Welcome! I'm a new blogger and although I think I'll aim to cover quite a wide variety of things from friendships to makeup & beauty to fashion and product reviews, I thought I'd start this blog off with a topic very close to me this year.
Mixed gender best friends.
So throughout my childhood and teenage years I have had a barrage of best friends, all with a commonality of being female. This year, however, through circumstance, I happened across a close guy friend. This is not to say I've never had male friends before - I'm not that sheltered! But through the first few weeks of this friendship it was obvious that we were really hitting it off.
I'm not entirely certain how or when this became underlined as being a best friend relationship, but many 3am phonecalls, hundreds of texts daily (well, it's best to take full advantage of unlimited texting) and having classes together, has lead to me being able to tell you that 9 months on we're pretty open about it being so!
Now, immediately I'm sure some readers will be questioning the reality of this being just a friendship. I've heard it all, from "you're emotionally dating" to "you act like a couple" to "but you must surely be in love!". No! And I shall tell you why.
Firstly, I myself have read multiple blog posts on the topic, most referencing a film called "When Harry met Sally". The theme of this film is embodied in the line:
"Men and women can't be friends - the sex gets in the way."
Intending to watch this film and instantly see its flawed misguidances, I rented it and sat down to take it in. And let me tell you... It is a really good film! Haha. However, love it though I do, I still disagree with the basic ideology. Men and women can be friends, even best friends, because not all inter-gender relationships have to be based around lust! Surely this can be seen from the rise of sexuality - bisexual and homosexual people. You would not automatically be convinced that your close homosexual friend secretly wants to get with you, and all your other friends, and this certainly would be unlikely to get in the way of your friendship with them; (And if this is an issue you are perhaps a bit homophobic).
So why then do guys and girls who hang around eachother not have the same lifeline?! Why accuse them of emotionally dating?
Reflecting whilst reading others' blogs, I considered that perhaps were I married to a man with a female best friend, or had a partner in the same situation, my own jealousy and misgivings on the relationship might make me rethink my attitude. However, both me and my best mate are in our late teens, and as neither of us are in such a position, it doesn't really apply to us!
I think I should share some very good reasons for you to have a best friend of the opposite gender!
Firstly, from my side of things, guys are not bitchy. And they are almost never gossip-seekers. This my friends is a breath of fresh air when you life has been so far saturated with the crazed personalities of teenage girls (And yes, it does take one to know one..) This also means that he dampens my own wish to occasionally 'bitch', and so I think that's a positive all round :)

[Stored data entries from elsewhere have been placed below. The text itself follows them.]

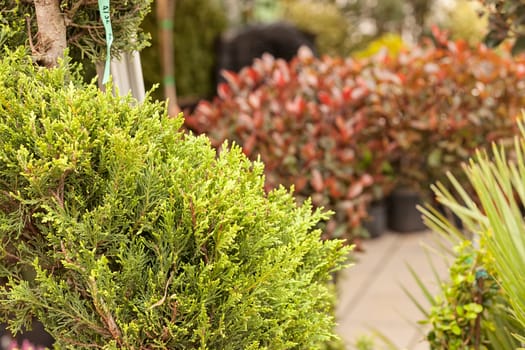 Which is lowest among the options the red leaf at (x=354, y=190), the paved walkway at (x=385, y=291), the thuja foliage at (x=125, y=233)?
the paved walkway at (x=385, y=291)

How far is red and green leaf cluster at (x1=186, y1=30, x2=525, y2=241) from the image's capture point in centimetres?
378

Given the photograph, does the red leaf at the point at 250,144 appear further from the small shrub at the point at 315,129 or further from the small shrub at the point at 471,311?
the small shrub at the point at 471,311

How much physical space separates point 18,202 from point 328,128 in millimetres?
2698

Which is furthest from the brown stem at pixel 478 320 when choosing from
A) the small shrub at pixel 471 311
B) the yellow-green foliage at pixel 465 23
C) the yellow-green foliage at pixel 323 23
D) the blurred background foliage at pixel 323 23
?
the yellow-green foliage at pixel 465 23

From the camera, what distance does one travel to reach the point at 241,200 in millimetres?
1380

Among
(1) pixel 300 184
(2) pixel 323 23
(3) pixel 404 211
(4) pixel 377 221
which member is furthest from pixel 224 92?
(2) pixel 323 23

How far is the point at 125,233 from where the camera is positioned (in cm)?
138

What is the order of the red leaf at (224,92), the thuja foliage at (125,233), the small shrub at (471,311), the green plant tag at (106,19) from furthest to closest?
the red leaf at (224,92)
the small shrub at (471,311)
the green plant tag at (106,19)
the thuja foliage at (125,233)

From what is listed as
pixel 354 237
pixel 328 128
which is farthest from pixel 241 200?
pixel 328 128

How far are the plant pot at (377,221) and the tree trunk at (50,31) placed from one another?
4.22 meters

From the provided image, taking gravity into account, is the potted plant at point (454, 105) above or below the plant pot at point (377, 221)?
above

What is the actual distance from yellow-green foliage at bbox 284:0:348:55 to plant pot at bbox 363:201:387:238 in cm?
505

Next, stepping away from your girl friends makes you realise how much time you spend discussing all things makeup, hair and clothes related, and how really you should be obsessing over these a little less, and the other things in life a little more. When faced with a male best friend, your relationship is pretty much just each of you being you, with much less generic stuff in the middle. This makes your friendship a lot more of an achievement! As more of the 'real you' is available to your friend.
Thirdly, guys are much more inclined to come up with nicknames. And interesting ones at that! Though I have complained at each new and ...unique name I have been called this year, as another unwelcome one arises (The most recent being 'Filby') I realise my love of the previous one! Though my attempts to convince him to revert to them are, alas, in vain. This has let me see that deep down, I do enjoy them - nicknames are a clear show of affection.
Next, I have had endless fun showing him 'girl' things. Simple things like tights, and how these have an alien concept called 'deniers'; also makeup - upon taking him with me to Boots or Superdrug, my hands do come out with pretty much every tester featuring somewhere on them.
Next, you should know that a guy's perspective is very different to a girl's one. (And if you are male, then females think very differently to you too!) Females are very emotion-led, whilst guys tend to have a more rational approach to life. fact. Girls also tend to overthink everything! as I well know! So often a guy can give a clearer opinion!
Lastly, a selfish one. The sheer fact that many of our friends don't fully understand or accept that we can be best friends (because surely, surely we will be a couple at some point..) makes me feel like more of an achiever for having a guy best friend. Not everyone has one! But I would seriously recommend it!
Okay, that was a very long blog post, especially for a first ever one.. hmm. Well done if you got to the end!